As stated above, a miracle is simply something we cannot explain. To imagine all the great works of literature written thanks to the human imagination, then to somehow think the Bible is a special edition where everything is true, is foolish. It is, like other books of its time and since, a work of fiction.
7. Pascal’s Wager Argument: The famous wager by French mathematician/philosopher Blaise Pascal: If we bet God does not exist and he does, we have everything to lose and gain nothing. If we believe, we have everything to win.
Obviously there is no proof in this argument. As Shermer points out, if believing implies going to church, attending services, and so forth, then there is much to lose: time. Also, what god are we talking about believing in? If not the Judeo-Christian God, you’d have a lot to lose as well.
8. The Mystical Experience Argument: Mystical experiences have existed throughout history in many cultures. They imply some sort of direct connection with the divine, usually in the form of “light” or a “feeling.”
Shermer points out that the “visions” experienced in such encounters correlate with temporal lobe seizures or other neurochemical reactions. For myself, I have experienced a number of such “visions” on LSD, ayahuasca, and other substances.

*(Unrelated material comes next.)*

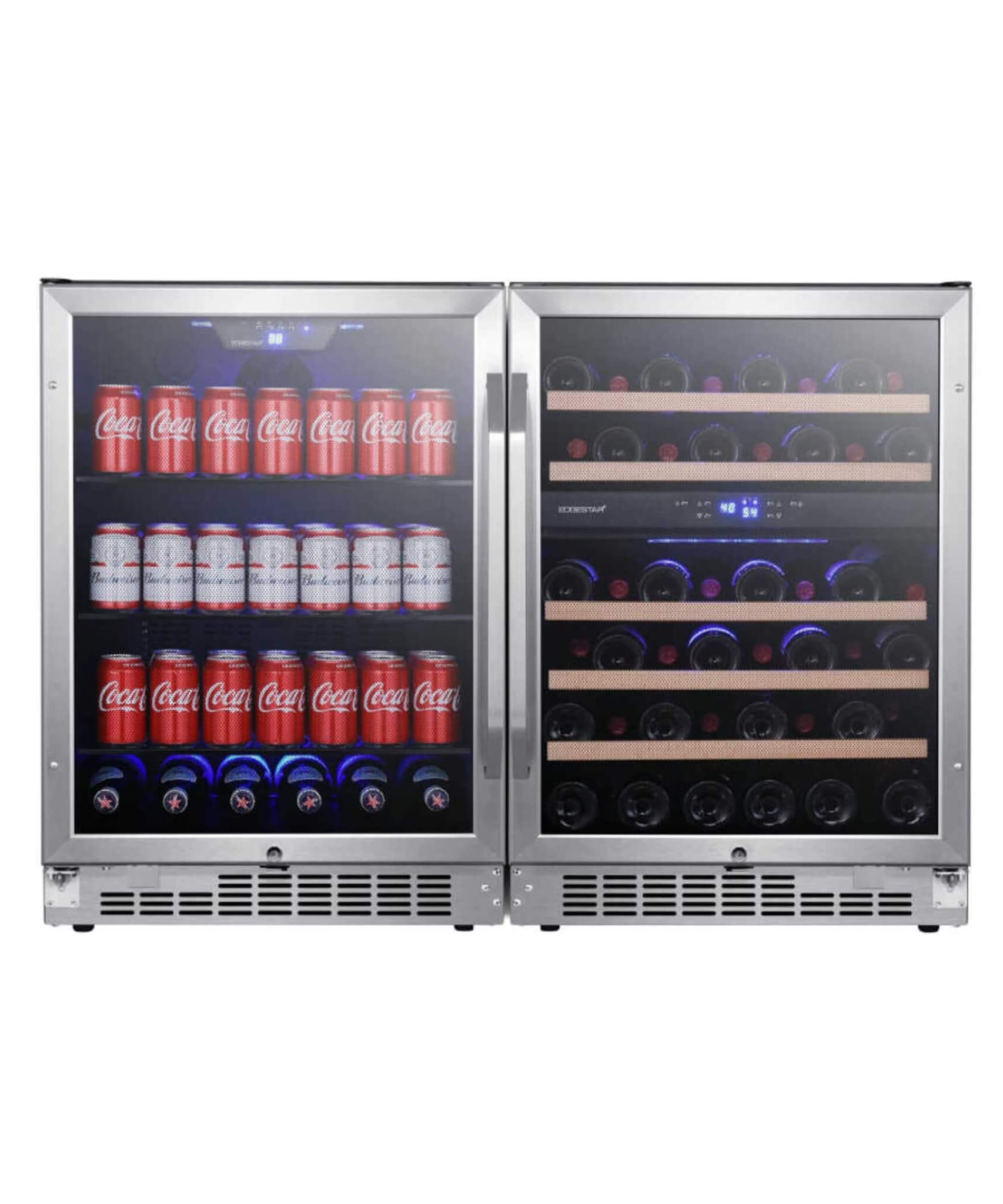 Edgestar 48-Inch Built-In Side-by-Side Wine & Beverage Center With 142 Can And 46 Bottle Capacity (SAK82552)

While emotionally and mentally profound, I see no reason to attribute chemistry to a creator.
9. Fideism, or the Credo Quia Consolans Argument: This is not an argument at all. Basically, it means you believe in God because it consoles you.
Many people believe in religion for exactly this reason. And yet, if beliefs are based on emotions rather than evidence, it negates the necessity of reason and science altogether. You can’t argue against this one as it’s not an argument, but it still does not hold up from a logical standpoint.
10. The Moral Argument: Alongside the creationist argument, this is the most popular: How can there be morals without God?
The notion that everyone would turn into robbers, rapists, and murderers if it were discovered there is no God is ludicrous. Morals are based on cultural upbringing and, to a degree, genetics. Likewise, if morals were the domain of God and He is omnipotent, then there is a flaw in His creation when humans do bad things. There is no sense in this argument; altruism and empathy are part of our evolution as social beings. Living in society helps us create morals for the betterment of the whole.